Quanto à relação entre Portugal e o Brasil, nas reflexões deste autor nota-se que se trata de um fenómeno profundo e complexo, que da parte portuguesa oscila entre "ressentimento e delírio": ressentimento porque na consciência de um brasileiro comum Portugal é um ponto de referência muito vago, situado algures na Europa, não tão importante como o é a Espanha na consciência de um mexicano ou qualquer outro hispano-americano.. Este facto, na visão do autor, não é recente, porque já desde os séculos XV e XVI, os habitantes do Brasil "os portugueses de lá" sentiam-se de certa forma diferentes e superiores aos "portugueses de cá", devido à grande riqueza material e ao ouro do Brasil.

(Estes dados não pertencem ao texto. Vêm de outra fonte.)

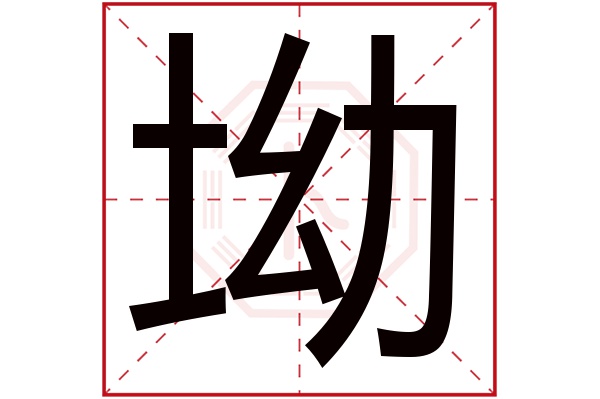 坳字五行属什么,坳字在名字里的含义,坳字起名的寓意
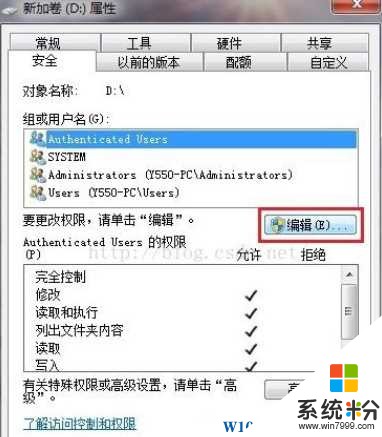 Windows10右鍵菜單“新建”隻有文件夾的解決方法(2)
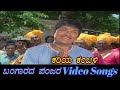 Kariya Kambali Bangarada Panjara ಬಂಗಾರದ ಪಂಜರ Kannada Video Songs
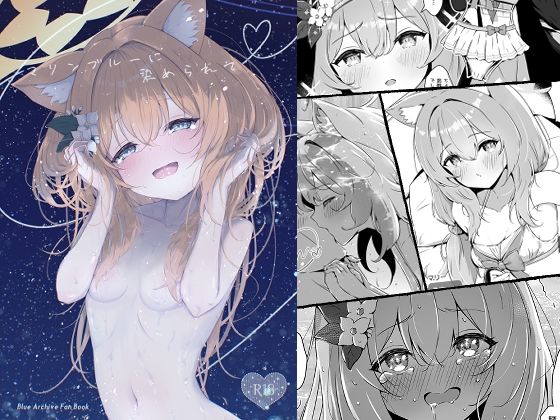 d_423156【無料エロマンガ】マリンブルーに染められて | ふるいどりきっど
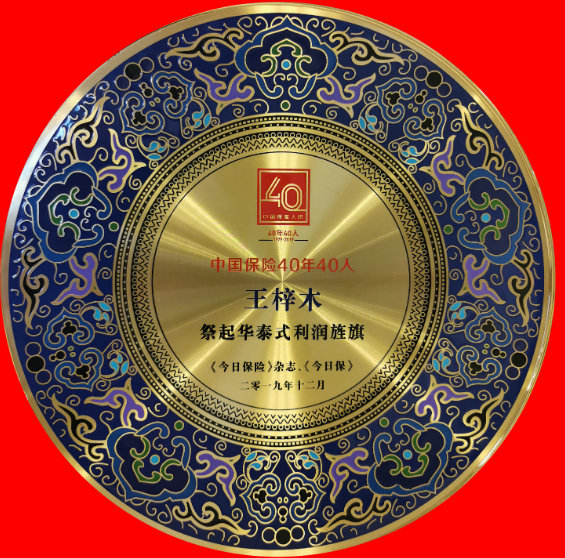 尊龙凯时·(中国)网站-AG旗舰厅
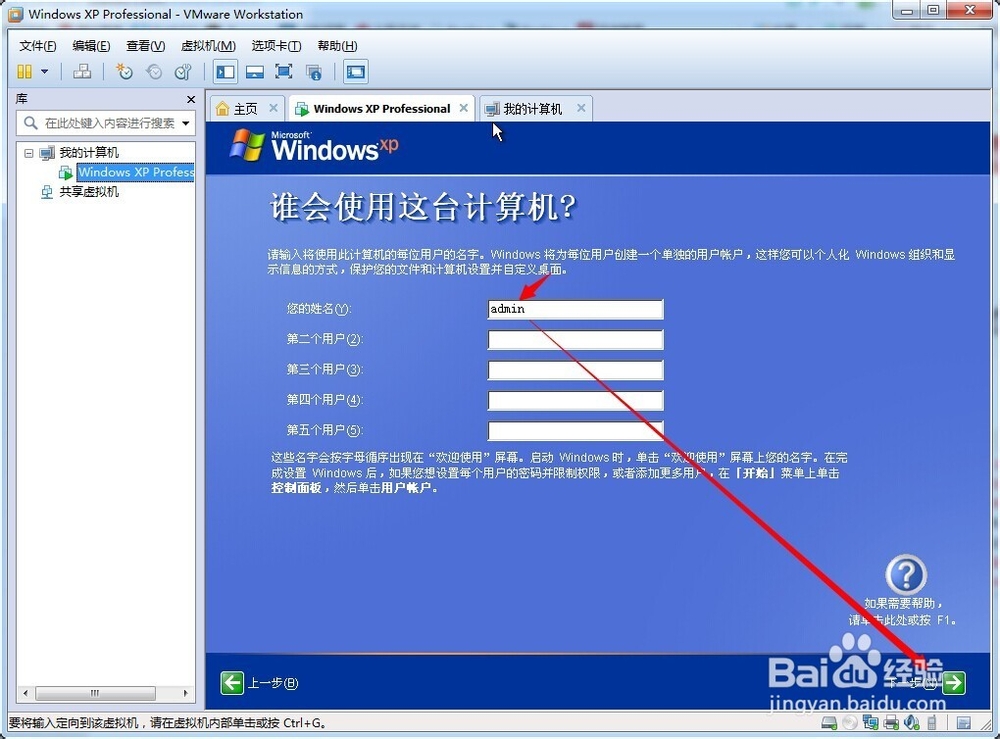 VMware虚拟机中安装WindowsXP原版系统：[5]5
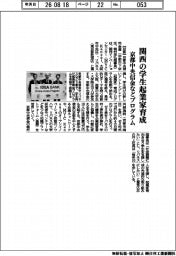 京都中央信金など、関西の学生起業家育成でプログラム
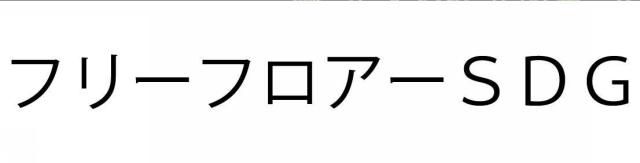 商標登録5582755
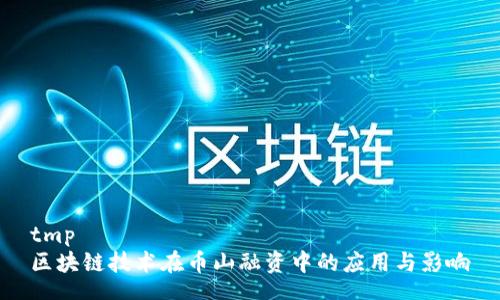 tmp
区块链技术在币山融资中的应用与影响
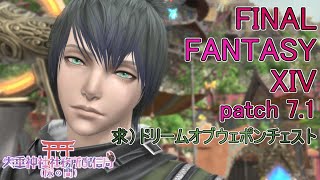 【FF14黄金 7.1】地図開けるより地図売る方が儲かる説【火垂よひら(仮)】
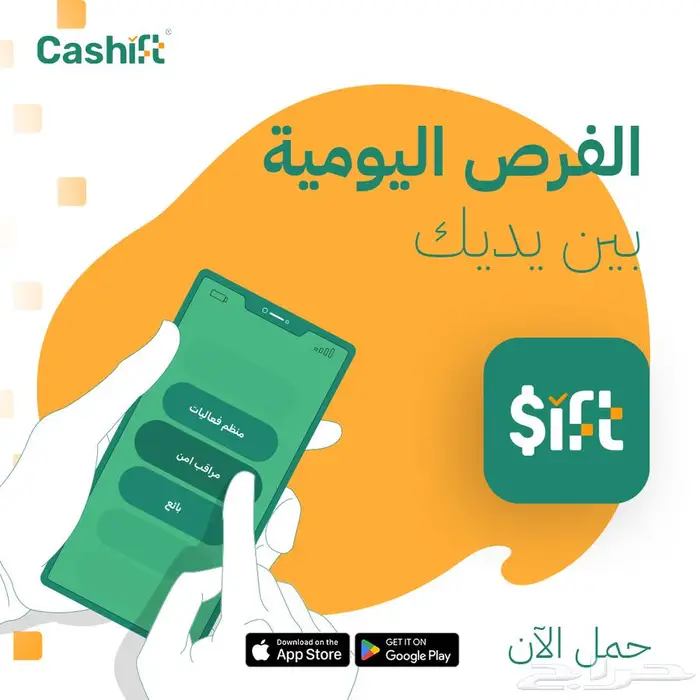 مصمم جرافيك أبحث عن عمل مسائي بعد الساعة 6م 0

Trata-se também de um desconhecimento e incompreensão mútua entre estes dois países, que se deve a uma ampla e multifacetada identidade brasileira. O que é de notar na construção da identidade brasileira é uma certa tentativa de "fugir" do passado colonial português, de negar a importância da Europa e de "abrasileirar" o seu passado,criando uma identidade única e reconhecível num mundo cada vez mais globalizado. Referindo-se ao Carnaval como uma das festas principais no Brasil, Eduardo Lourenço chama este país de "país de disfarce", não vendo, porém, nesta designação nada de falso ou hipócrita, apenas salientando o carácter multirracial, multinacional e plurifacetado deste enorme estado que alguma vez na História pertenceu a Portugal.
Esta colectânea de ensaios problematiza também a definição do termo " lusofonia", sem demasiada mitificação e mistificação deste conceito e determinando-o apenas como o espaço cultural da língua portuguesa. Salienta-se também a ideia de uma determinada  tendência de "sacralização da língua" que os portugueses e os franceses têm, garantindo desta forma a união entre os povos que  falam estas duas línguas em questão e assegurando o seu domínio cultural sobre as suas ex-colónias. A ideia da lusofonia relaciona-se com certos estereótipos ligados ao Norte e ao Sul, neste caso particular, pontos cardinais de Portugal, desmanchando algumas das opiniões enraizadas sobre o regionalismo e bairrismo aparentemente típicos para os portugueses.
Estas duas obras, semelhantes e diferentes ao mesmo tempo , são uma continuação dos tópicos permanentemente presentes na obra filosófica de Eduardo Lourenço, que de uma forma imparcial e objectiva salientam o valor da cultura portuguesa na Europa e no mundo, apontando também para os seus problemas e dessvantagens, mostrando que é possível e desejavel preservar a identidade nacional e formar uma Europa unida nas suas diferenças.